Bin ich denn der einzige

der das sieht

 

Und zuletzt: "auf dem Klo" - oje! Die kann man gleich dort lassen! ...

 

Ich habe mich gut amüsiert, danke!

 

Lieben Gruß Nesselröschen

Geschrieben

Hallo Nessselröschen:

 

Zwei Gedichte? Nein doch eher eines, MIt dem "Allerdings" als erstem Wort der Strophe drei wird diese an den voranstehenden Text gebunden. Dann zieht sich auch noch das Thema der Gedichte, die an einem "niedrigen" Ort entstehen, durch alle vier Verse hindurch. Vom Rotz zum Klo, von der Besenkammer bis zum Abfalleimer usw, auch die unbedeutenden Häuser unbedeutender Menschen gehören in diess Reihe.Jedoch wären sie tatsächlich unbedeutend, würde sich das Li nicht so sehr über das Schicksal jener Poeme erregen, die von diesen "unbedeutenden" Menschen handeln. Diese nehmen sich vielleicht so wenig wichtig, dass sie nicht auf den Gedanken kommen, in sich hineinzuhören, und ein Liebes- oder Abschiedsgedicht auf sich zu beziehen. Sie haben vielleicht keine Sprache für sich, obwohl sie sich unbewußt nach ihr sehnen.

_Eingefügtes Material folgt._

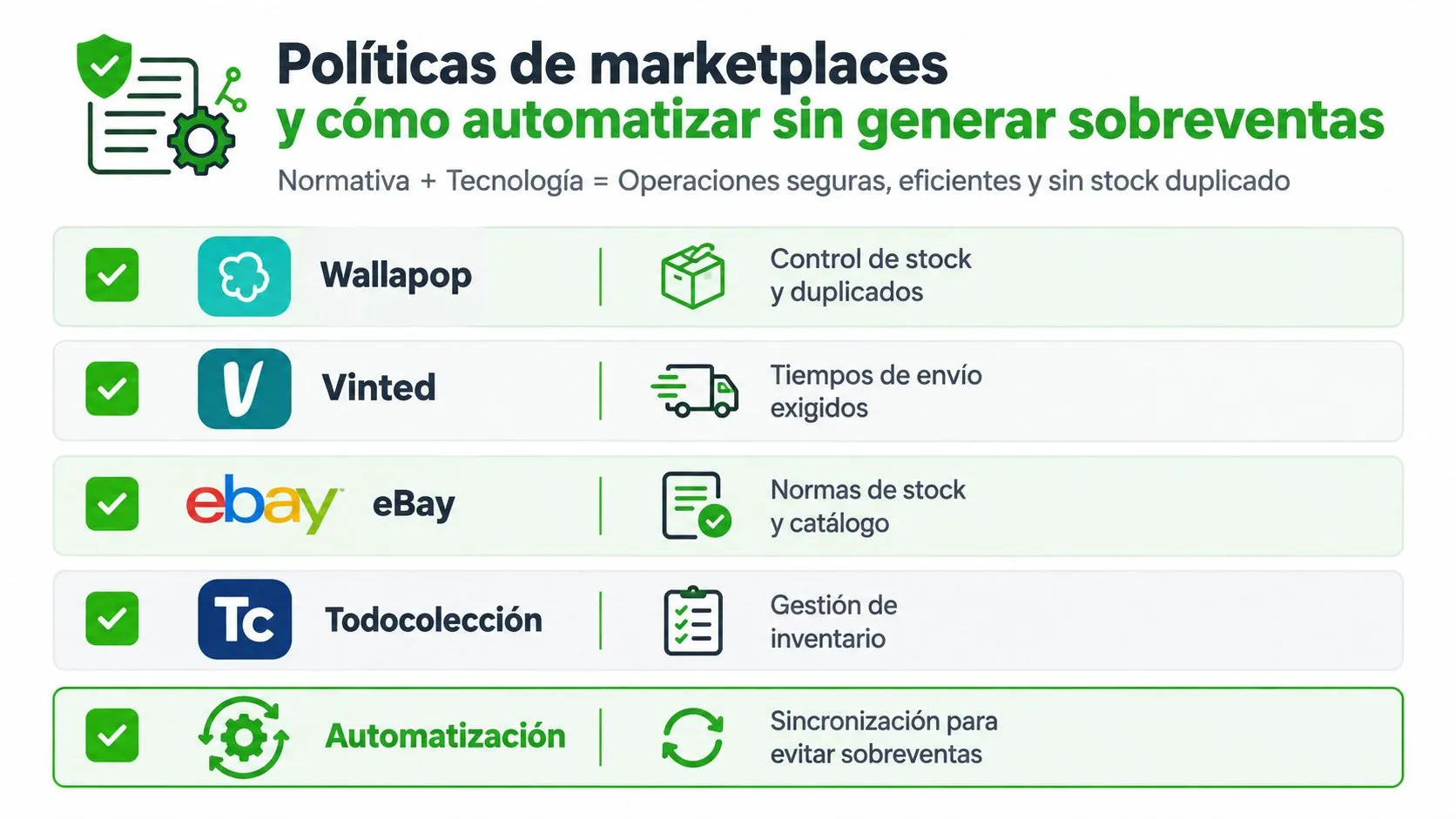 Infografía sobre políticas de marketplaces y automatización para gestionar stock y evitar sobreventas en diversas plataformas.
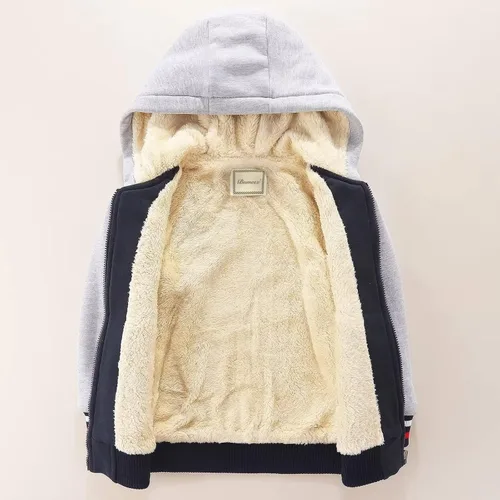 Vista 4 de Funnymore Chaquetas con capucha para niño, sudadera con cremallera y forro polar Sherpa con capucha para otoño e invierno, abrigo para exteriores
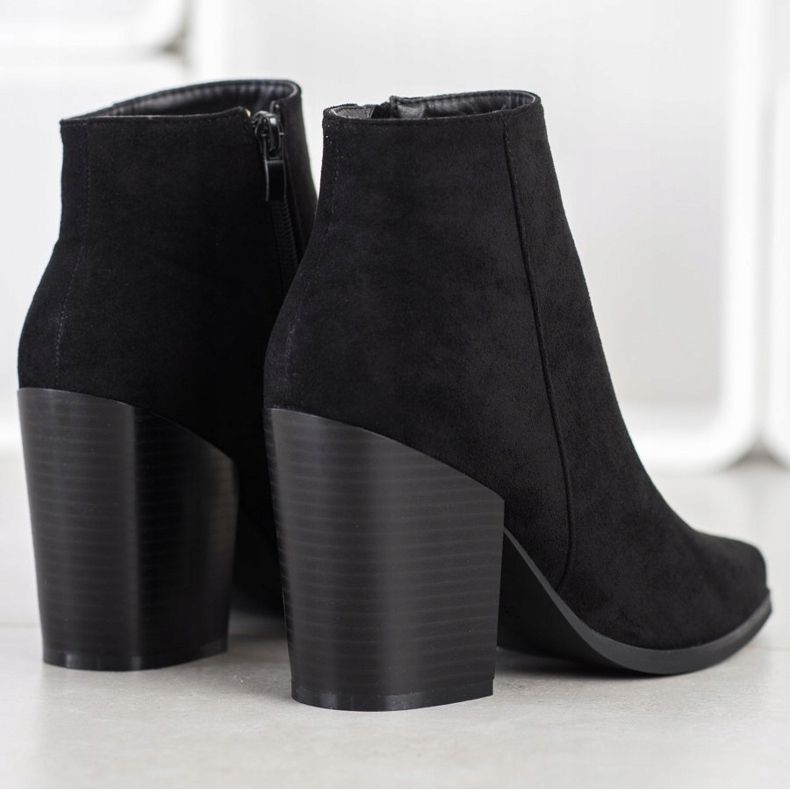 Super Me Bottes noires sur un poste large le noir 1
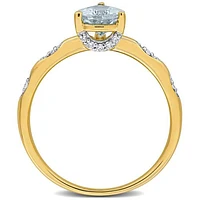 JULIANNA B 14K Yellow Gold Aquamarine & Diamond Engagement Ring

IHre Gedichte bleiben daher unausgesprochen und undurchfühlt, existieren nicht wirklich. Das LI  möchte ihnen zu dieseer Sprache verhelfen, ist mit dieser Aufgabe aber allein. ("Bin ich der E inzige,,,")

 

Die vierte Stophe schlägt dann wieder ein anderes Kapitel auf: Gedichte sind meistens keine Massenunterhaltung, sie sichten sich vom Einzelnen an den Einzelnen und man darf sich von Ihnen auch nicht zu viel erwarten. Gedichte sind etwas, das man auf dem Klo schreibt. Das Klo ist der ultimative niedrige Ort. Damit wendet siich das Gedicht auch gegen eine Tradition, die im Dichter und im Gedicht, etws Göttliches, Priesterlichres, irgendwie Höheres sah, Rilke und George wären hierfür Beispiele aus dem 20. Jahrhundert. 

 

 

LIebe Grüße

 

Onegin

 

 

  • Danke 1
Geschrieben

Sehr gut, lieber Onegin.

 

Durch Kreativitäts-Inkontinenz rinnen dem LI ständig die Gedichte wie Rotz aus dem Kopf, am zuverlässigsten auf dem Klo. Sie diffundieren durchs Haus und lagern sich je nach ihrer Beschaffenheit auf oder in geeigneten Möbeln ab.  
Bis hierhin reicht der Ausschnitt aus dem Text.